~ステーキと炊きたてご飯のどちらが好きですか?~
「ステーキはばりばり噛めるけれど、ご飯が噛みにくい」という場合があります。
その逆のケースも考えられます。
この場合、どちらが好きか?にあわせて入れ歯を仕上げていくことが大切です。
古くから我々歯科医の間には、総義歯の噛み合わせと人工歯の形態、人工歯排列方法についての論争があります。大家といわれる先生が考案した理論とテクニックがいくつかあります。
そして、それぞれが派閥を形成し、お互いの正当性を主張し合ってきました。
私も数々の理論とテクニックを学んできました。そのいずれもが大変素晴らしいものです。
しかし、実際の臨床では同じ方法で、同じように仕上げても「Good」という患者さんと「No」という患者さんの両方がいらっしゃいます。
「違いは何だろう……?」色々悩み、試行錯誤してきました。
患者さんの顎の運動機能の読み違えだろうか…?技術的なミスだろうか…?等々、悩み続けてきました。
確かに、これらに原因がある場合もありますが、どうもそれだけではない様な気がしていました。
そして「義歯の結果は患者さんの食習慣、好み、嗜好などに大きく左右される」ということに気付きました。

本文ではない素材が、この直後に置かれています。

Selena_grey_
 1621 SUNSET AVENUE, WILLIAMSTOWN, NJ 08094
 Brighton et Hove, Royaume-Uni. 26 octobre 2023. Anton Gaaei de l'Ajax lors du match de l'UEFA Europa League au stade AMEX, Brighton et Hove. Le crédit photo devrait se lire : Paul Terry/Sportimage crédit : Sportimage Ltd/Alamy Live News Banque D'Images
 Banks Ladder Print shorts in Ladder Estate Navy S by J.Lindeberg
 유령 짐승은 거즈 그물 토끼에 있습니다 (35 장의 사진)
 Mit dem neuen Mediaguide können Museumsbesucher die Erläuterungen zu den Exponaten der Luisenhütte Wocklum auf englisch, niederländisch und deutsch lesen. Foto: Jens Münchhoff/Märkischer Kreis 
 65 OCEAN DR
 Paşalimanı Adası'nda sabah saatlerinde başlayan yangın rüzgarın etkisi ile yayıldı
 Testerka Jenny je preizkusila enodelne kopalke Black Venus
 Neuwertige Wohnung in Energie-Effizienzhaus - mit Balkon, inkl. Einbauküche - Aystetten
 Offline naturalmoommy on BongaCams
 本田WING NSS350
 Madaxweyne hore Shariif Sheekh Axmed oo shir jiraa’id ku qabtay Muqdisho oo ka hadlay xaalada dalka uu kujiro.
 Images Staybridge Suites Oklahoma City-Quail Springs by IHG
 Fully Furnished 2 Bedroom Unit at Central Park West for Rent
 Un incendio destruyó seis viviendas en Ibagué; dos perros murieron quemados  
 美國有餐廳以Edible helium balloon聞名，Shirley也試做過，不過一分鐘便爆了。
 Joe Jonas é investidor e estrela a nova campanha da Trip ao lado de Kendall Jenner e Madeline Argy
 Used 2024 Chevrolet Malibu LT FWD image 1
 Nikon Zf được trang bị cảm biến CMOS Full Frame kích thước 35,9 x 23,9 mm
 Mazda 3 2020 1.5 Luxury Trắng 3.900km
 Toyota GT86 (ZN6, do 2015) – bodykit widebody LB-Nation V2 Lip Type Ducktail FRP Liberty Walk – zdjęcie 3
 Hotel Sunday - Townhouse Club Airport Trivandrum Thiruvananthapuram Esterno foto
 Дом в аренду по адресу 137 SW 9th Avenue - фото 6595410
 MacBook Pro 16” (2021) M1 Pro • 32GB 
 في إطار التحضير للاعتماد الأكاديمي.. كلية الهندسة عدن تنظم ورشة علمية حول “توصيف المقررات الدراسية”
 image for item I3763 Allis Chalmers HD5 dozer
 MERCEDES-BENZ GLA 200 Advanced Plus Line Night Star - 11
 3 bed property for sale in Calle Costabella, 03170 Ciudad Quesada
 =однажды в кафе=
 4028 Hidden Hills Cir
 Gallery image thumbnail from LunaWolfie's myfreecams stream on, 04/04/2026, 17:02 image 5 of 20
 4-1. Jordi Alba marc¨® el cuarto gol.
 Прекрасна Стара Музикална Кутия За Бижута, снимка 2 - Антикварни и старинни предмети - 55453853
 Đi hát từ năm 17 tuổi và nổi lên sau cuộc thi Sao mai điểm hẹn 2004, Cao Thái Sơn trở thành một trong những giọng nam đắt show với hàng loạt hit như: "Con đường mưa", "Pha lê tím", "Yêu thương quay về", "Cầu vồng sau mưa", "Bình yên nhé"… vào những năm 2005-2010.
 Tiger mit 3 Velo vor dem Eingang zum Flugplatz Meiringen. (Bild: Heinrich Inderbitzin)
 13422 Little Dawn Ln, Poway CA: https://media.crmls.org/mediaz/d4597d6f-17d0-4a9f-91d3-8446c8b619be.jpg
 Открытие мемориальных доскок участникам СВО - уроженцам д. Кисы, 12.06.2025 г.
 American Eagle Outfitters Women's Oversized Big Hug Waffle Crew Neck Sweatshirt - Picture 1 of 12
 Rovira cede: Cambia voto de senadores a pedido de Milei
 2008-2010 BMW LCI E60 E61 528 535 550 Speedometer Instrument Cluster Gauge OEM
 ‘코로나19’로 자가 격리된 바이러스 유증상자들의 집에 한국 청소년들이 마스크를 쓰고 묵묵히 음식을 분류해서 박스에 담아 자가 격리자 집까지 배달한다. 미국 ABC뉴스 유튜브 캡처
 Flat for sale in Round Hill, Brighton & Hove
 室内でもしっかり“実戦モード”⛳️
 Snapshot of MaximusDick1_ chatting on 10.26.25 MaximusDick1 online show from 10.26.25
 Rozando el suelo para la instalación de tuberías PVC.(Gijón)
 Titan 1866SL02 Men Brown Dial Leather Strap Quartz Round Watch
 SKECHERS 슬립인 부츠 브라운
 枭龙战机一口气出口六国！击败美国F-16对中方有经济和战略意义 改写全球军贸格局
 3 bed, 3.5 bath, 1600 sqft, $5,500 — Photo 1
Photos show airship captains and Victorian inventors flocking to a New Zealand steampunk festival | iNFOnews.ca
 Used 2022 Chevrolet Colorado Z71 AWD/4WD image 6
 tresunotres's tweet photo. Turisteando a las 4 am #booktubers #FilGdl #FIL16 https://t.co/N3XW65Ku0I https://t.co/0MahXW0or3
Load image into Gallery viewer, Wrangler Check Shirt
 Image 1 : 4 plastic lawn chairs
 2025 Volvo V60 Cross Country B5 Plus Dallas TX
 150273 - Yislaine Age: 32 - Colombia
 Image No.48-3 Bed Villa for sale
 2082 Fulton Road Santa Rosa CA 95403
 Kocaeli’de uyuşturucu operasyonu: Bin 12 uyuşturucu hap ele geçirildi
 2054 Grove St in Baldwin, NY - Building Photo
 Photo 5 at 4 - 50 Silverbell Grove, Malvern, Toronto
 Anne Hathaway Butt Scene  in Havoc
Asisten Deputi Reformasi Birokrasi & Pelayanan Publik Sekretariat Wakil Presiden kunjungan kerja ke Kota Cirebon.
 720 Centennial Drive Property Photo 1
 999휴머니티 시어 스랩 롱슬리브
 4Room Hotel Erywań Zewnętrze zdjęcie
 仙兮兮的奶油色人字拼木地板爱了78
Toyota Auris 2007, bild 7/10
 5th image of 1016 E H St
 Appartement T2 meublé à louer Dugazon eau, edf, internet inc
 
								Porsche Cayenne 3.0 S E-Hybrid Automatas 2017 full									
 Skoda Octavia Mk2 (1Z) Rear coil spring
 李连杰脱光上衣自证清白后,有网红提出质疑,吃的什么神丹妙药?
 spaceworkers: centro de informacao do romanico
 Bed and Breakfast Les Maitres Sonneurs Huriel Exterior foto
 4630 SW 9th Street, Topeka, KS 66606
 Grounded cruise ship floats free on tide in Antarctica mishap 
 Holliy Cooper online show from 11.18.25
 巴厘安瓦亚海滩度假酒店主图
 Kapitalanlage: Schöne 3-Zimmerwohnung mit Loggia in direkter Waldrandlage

つまり、「患者さんは義歯に何を求めているか?」を良く知らないで、歯科医が思う「よく噛める入れ歯」を作っているからなのです。
「ジックリ噛んでご飯の甘みを味わいたい」という人に「ステーキがさくさく切れる入れ歯」を作っても好みに合いません。逆もまた然りです。
メタルブレードティースの技工
ステーキでもよく噛めるメタルブレードティース使用の無口蓋義歯
じっくり味わう陶歯使用のCPデンチャー/無口蓋義歯
誰もがステーキを食べたいわけではなく、誰もが漬物好きな訳ではないのです。
こんな簡単なことに気付くまで数年を要してしまいました。
ステーキをバリバリ、むしゃむしゃ食べたい人、炊き立てご飯の甘味を味わいたい人、白菜やナスの漬物を美味しく食べたい人、焼き鳥で一杯が大好きな人等々、食の好みは十人十色。
好みにあった、ジャストフィットの血の通った入れ歯を仕上げる努力を、一緒にしていきましょう。